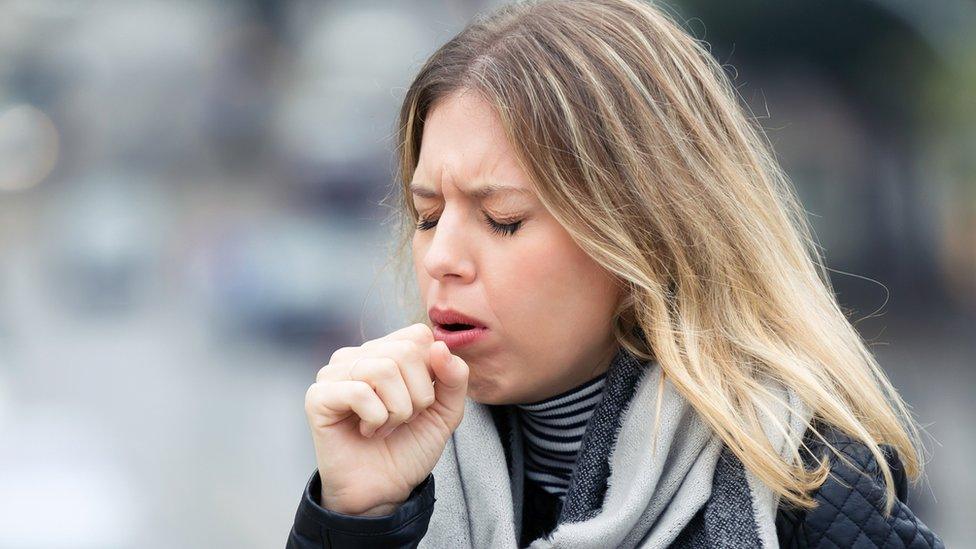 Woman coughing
---
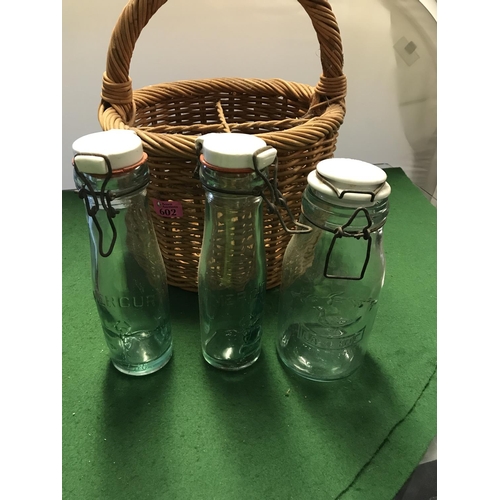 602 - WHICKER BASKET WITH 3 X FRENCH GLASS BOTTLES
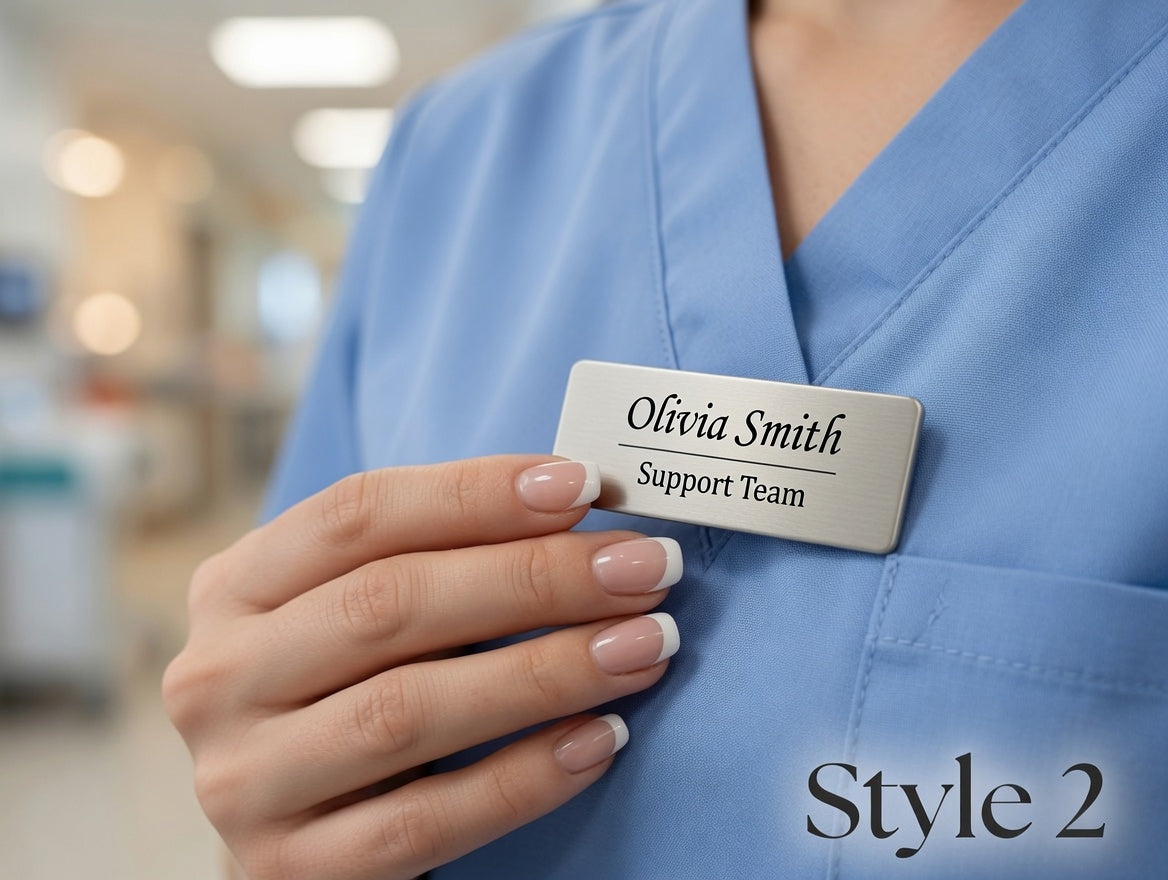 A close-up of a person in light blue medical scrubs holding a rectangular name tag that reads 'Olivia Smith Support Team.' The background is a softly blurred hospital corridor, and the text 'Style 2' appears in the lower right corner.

Exercise description >>
Above are some entries; copy exactly the lines from the line with "602 - WHICKER" through the line with "A close-up of", both included, but none of the pictures.

Output of the exercise >>
 602 - WHICKER BASKET WITH 3 X FRENCH GLASS BOTTLES
 A close-up of a person in light blue medical scrubs holding a rectangular name tag that reads 'Olivia Smith Support Team.' The background is a softly blurred hospital corridor, and the text 'Style 2' appears in the lower right corner.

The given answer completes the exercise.